Asked whether or not she favored a total ban on these chemicals, Rachel said – for the umpteenth time, but this time for the Congressional record – that she had never been in favor of a ban. She was, however, supportive of creating a federal Department of Ecology to oversee environmental issues.

Rachel left D.C. exhausted but pleased that she had been allowed to testify. Marie and Paul were thrilled with the result and agreed that their author had earned a rest. Later that month, she and Roger headed to Southport and the little cottage on the beach.

Despite the beautiful setting and the low-stress environment, Rachel’s health remained shaky. She was still under observation for her heart condition, and she had suffered a compression fracture in her back. These ailments were, of course, in addition to the cancer, for which she had endured numerous infusions, treatments and procedures. All of it combined to exhaust her.

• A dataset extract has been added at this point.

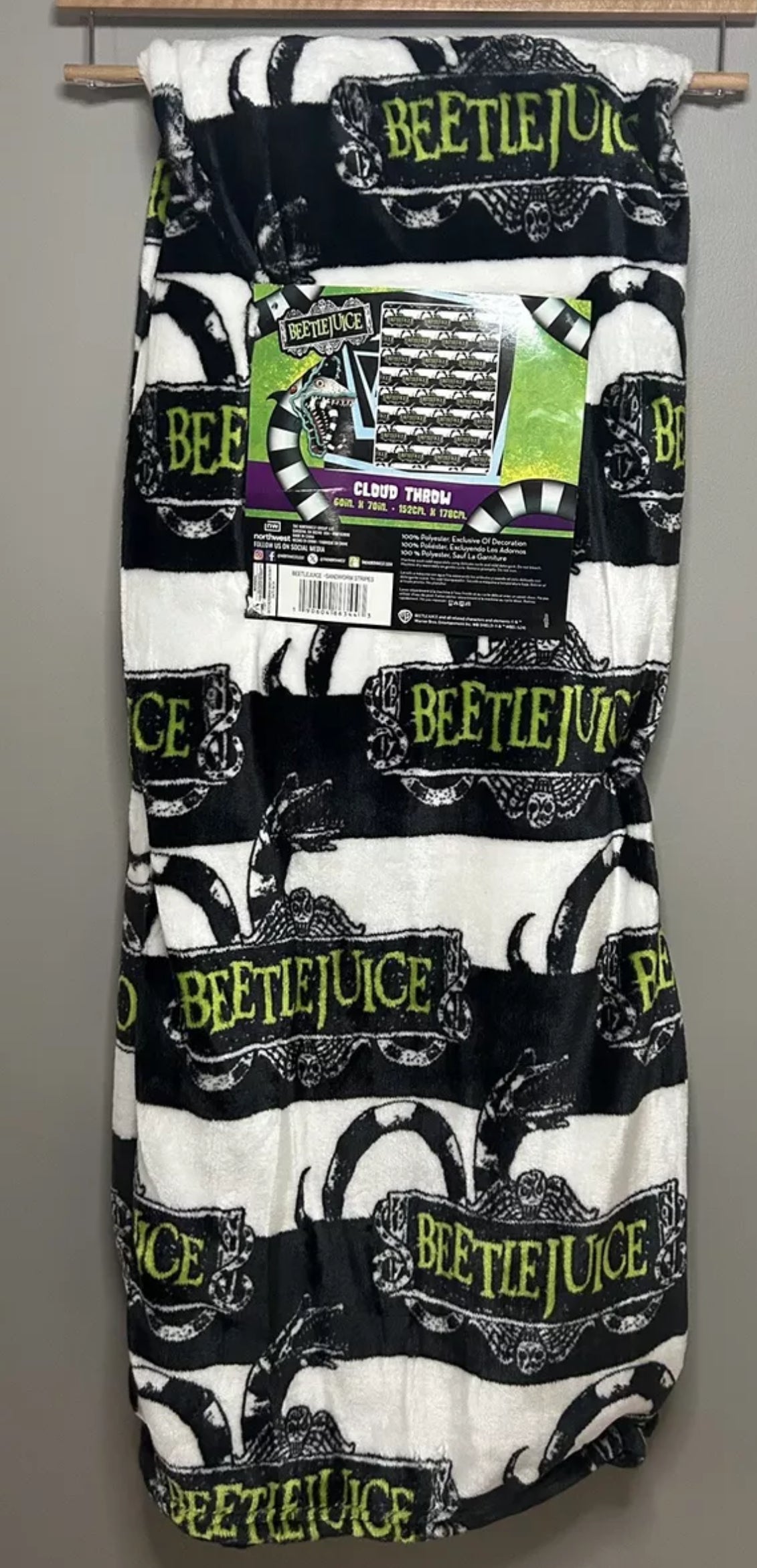 Beetlejuice Sandworms Stripes Halloween Cloud Throw Plush Blanket 60”x70”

Eleven-year-old Roger went off to summer camp, and Dorothy was looking after Stan, whose health had also deteriorated. That left Rachel alone much of the day, which turned out to be a blessing in disguise. In the writing of Silent Spring and her subsequent public appearances, occurring as she was fighting cancer, Rachel had spent most of her time indoors. Even when she was outside, it was hard to be fully engaged with nature when her mind was on so many other things.

Now, however, alone at Southport, she could take joy from walking along a deserted beach at sunrise, the waves splashing at her feet and the birds waking up with their summer songs. They woke up her spirit as well, and she felt the comfort and joy that came with communing with nature, feeling its beauty and strength. She felt as much a part of this scene as the ocean, the birds, and all the other sea life that surrounded her.

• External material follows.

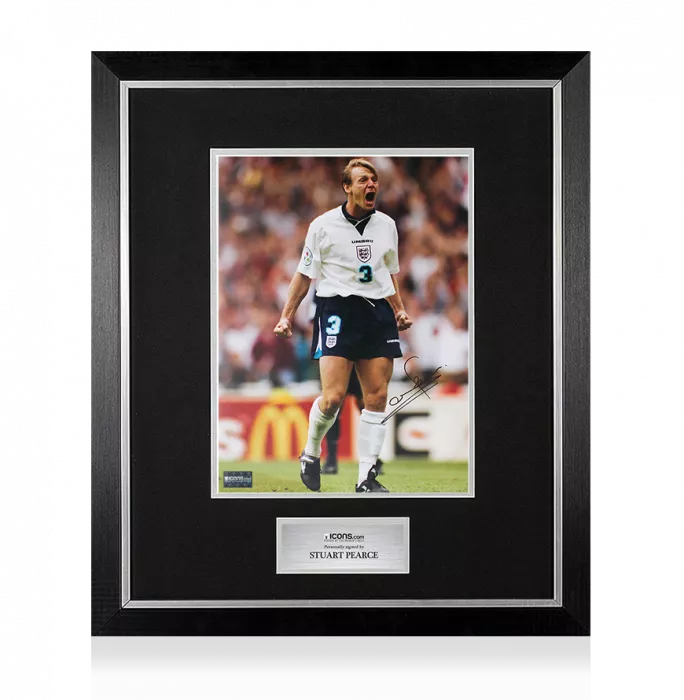 Stuart Pearce Signed England Photo In Premium Photo Frame: EURO 96 Penalty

There was a oneness to being there, stepping slowly through the wet sand, knowing she was going to die. It would not be long now, she realized. The cancer had taken over, and her body was failing. She had never felt so weak and tired in her life.

But she knew it was natural. She knew everything died, from the smallest creature to the largest, from the weakest creature to the strongest. Everyone, everything died in its time.

She heaved a huge sigh.

Is it really my turn?

She had so much left to do. Maybe she could put the inevitable off for a while. Maybe a miracle cure for her cancer would come along in the next few months. That way, she could help Roger get through his teenage years. He was such a good kid, and so smart, but every child needs a parent going through those years. Rachel remembered how good her mother was to her, and how important it was to have a family.

And poor Dorothy. They had become so close, and now Stan was ill as well. They had gotten to know each other so late in life, it didn’t seem fair. They weren’t done with their adventures.

And then, of course, there was Silent Spring. She had only just begun making the rounds to represent the book, alerting people to the dangers of chemical pesticides. She felt the tide was beginning to turn on the public’s attitude, and the government was starting to listen as well. The big business interests were resistant, but that was to be expected. They had called her all sorts of names, some of which made her laugh – like “food faddist” and even “Communist” – to discredit her, but she would not be deterred.

The information in Silent Spring needed to be shared, and Rachel was in the best position, as an author with the reputation of someone who loved nature, to spread the word. She wanted to be part of the effort to clean up America’s rivers and streams, its farmland and gardens, and its toxic air. She wanted to help the government and the citizens of the United States make good choices about how to deal with harmful insects and unwanted plants, and how to protect and preserve a healthy environment.

She stopped on her walk and looked out over the vast ocean, the gathering breeze now creating wind waves in the distance. She turned back to the thick grouping of trees bordering the beach and smiled wanly, paraphrasing Robert Frost.

“The woods are lovely, dark and deep, but I have promises to keep and miles to go before I sleep.”